One Share, One Vote
In response to my short primer on the corporation, Professor Colleen Dunlavy of the University of Wisconsin-Madison sent her interesting article, From Citizens to Plutocrats: Nineteenth-century Shareholder Voting Rights and Theories of the Corporation.
Given the explosion in income inequality between America’s managerial class and its average employees, the article a useful corrective to the idea that such outcomes are a natural product of market forces. The historical account she provides goes a long way in contesting the “tendency to treat plutocratic governance as natural,” and it reveals how exceptional the United States has been in authorizing such uniquely in-egalitarian distributions of power within the corporation.
In the article, Dunlavy describes how the corporation was transformed, over the course of several decades, from a relatively democratic institution built on a principle of “one shareholder, one vote” into the more plutocratic “one share, one vote” institution we currently associate with the corporate form. From the introduction:
[The] essentially timeless view of the distribution of power among shareholders … is simply wrong. Shareholder power was not always “plutocratic,” that is, directly proportional to the amount of investment. Through the early decades of the nineteenth century, corporate governance was much more “democratic” than it came to be by the end of the century. Early norms put relatively little weight on the amount a shareholder had invested, and instead they tended to treat shareholders more like citizens in a relatively egalitarian polity. It was only at mid-century that democratic norms began to be pushed aside in the United States (but not elsewhere) by the modern practice of apportioning power among shareholders on the basis of their investment. This essentially historical process was an indispensable prelude to the great concentration of control that marked American corporations in the era of financial capitalism at the end of the century. In overlooking it, historians have inadvertently naturalized a particular, twentieth-century, and distinctively American form of corporate governance.

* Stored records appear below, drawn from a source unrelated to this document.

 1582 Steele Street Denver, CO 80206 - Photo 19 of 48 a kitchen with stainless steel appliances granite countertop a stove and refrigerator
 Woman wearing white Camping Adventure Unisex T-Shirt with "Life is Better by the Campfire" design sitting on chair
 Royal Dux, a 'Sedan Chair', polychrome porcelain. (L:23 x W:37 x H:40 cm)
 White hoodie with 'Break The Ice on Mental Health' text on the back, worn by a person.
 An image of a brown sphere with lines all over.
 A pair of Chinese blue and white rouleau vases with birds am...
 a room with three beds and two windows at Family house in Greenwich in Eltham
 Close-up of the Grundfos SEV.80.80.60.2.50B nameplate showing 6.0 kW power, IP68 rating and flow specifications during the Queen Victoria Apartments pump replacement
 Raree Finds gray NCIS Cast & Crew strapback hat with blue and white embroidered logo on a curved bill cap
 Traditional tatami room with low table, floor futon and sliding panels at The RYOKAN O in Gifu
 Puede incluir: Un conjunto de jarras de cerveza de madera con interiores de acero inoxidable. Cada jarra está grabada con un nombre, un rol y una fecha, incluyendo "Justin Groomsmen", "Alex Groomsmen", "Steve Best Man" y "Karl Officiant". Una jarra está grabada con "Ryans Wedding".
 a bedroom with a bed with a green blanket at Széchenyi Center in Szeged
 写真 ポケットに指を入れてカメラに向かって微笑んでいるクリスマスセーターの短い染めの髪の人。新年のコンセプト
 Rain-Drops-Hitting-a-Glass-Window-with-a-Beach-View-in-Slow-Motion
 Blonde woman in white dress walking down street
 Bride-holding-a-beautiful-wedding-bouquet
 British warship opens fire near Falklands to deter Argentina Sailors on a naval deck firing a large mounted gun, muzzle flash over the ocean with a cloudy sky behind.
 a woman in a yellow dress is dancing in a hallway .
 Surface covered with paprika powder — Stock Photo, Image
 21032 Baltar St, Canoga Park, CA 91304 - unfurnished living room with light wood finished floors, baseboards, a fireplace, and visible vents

What’s interesting is that during this period, most of these changes took place, not through shareholder votes, but via the legislative system. State legislatures (presumably at the behest of wealthy people with greater lobbying power) overturned common law rulings and rebuilt the corporate governance system on the plutocratic voting model.
This plutocratic transformation is also important for the effects it had on subsequent constitutional law. Dunlavy argues that the conventional picture of how corporations came to be seen as inherently “private,” rather than as creations of public law, misses the impact that corporate de-democratization has had on the law.
It’s not an esoteric point. Citizens United and the corporate speech cases, not to mention the Lochner Era corporate rights cases, all depend on the idea that corporations are “private” entities with rights against government interference. Constitutionalizing the corporation has been a recurrant theme among conservative jurists interested in placing managerial activities beyond democratic oversight.
To the extent that the corporate leadership is free to violate the rights of employees, waste shareholder money, pay itself exorbitant sums, and shield itself from political accountability, denaturalizing the corporate form needs to become a more important project for the left.